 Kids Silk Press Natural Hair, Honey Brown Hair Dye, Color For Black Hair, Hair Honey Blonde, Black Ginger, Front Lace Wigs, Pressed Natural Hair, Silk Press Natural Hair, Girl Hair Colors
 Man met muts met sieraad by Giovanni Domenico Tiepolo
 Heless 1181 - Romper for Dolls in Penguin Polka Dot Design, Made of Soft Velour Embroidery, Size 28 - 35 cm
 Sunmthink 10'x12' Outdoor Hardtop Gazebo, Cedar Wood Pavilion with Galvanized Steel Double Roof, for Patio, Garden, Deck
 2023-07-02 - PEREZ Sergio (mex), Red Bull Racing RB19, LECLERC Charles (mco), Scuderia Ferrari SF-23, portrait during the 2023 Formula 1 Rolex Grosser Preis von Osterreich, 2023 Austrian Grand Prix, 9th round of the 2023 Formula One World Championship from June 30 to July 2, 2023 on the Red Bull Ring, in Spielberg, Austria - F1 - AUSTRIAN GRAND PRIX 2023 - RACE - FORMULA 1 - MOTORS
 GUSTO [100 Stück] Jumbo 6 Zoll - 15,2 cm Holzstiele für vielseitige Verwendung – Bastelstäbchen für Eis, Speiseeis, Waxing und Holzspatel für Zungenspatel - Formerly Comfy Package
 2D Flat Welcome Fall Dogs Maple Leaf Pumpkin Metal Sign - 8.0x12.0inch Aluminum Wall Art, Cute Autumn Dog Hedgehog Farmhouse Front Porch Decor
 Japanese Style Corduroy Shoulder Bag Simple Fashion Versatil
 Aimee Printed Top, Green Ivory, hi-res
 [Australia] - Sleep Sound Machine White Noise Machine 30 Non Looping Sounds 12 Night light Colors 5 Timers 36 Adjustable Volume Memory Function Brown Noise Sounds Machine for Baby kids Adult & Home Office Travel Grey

· · · · ·

> [Exercise goal]:
Everything in the listing should be written out again exactly.

> [Solution for this task]:
 Kids Silk Press Natural Hair, Honey Brown Hair Dye, Color For Black Hair, Hair Honey Blonde, Black Ginger, Front Lace Wigs, Pressed Natural Hair, Silk Press Natural Hair, Girl Hair Colors
 Man met muts met sieraad by Giovanni Domenico Tiepolo
 Heless 1181 - Romper for Dolls in Penguin Polka Dot Design, Made of Soft Velour Embroidery, Size 28 - 35 cm
 Sunmthink 10'x12' Outdoor Hardtop Gazebo, Cedar Wood Pavilion with Galvanized Steel Double Roof, for Patio, Garden, Deck
 2023-07-02 - PEREZ Sergio (mex), Red Bull Racing RB19, LECLERC Charles (mco), Scuderia Ferrari SF-23, portrait during the 2023 Formula 1 Rolex Grosser Preis von Osterreich, 2023 Austrian Grand Prix, 9th round of the 2023 Formula One World Championship from June 30 to July 2, 2023 on the Red Bull Ring, in Spielberg, Austria - F1 - AUSTRIAN GRAND PRIX 2023 - RACE - FORMULA 1 - MOTORS
 GUSTO [100 Stück] Jumbo 6 Zoll - 15,2 cm Holzstiele für vielseitige Verwendung – Bastelstäbchen für Eis, Speiseeis, Waxing und Holzspatel für Zungenspatel - Formerly Comfy Package
 2D Flat Welcome Fall Dogs Maple Leaf Pumpkin Metal Sign - 8.0x12.0inch Aluminum Wall Art, Cute Autumn Dog Hedgehog Farmhouse Front Porch Decor
 Japanese Style Corduroy Shoulder Bag Simple Fashion Versatil
 Aimee Printed Top, Green Ivory, hi-res
 [Australia] - Sleep Sound Machine White Noise Machine 30 Non Looping Sounds 12 Night light Colors 5 Timers 36 Adjustable Volume Memory Function Brown Noise Sounds Machine for Baby kids Adult & Home Office Travel Grey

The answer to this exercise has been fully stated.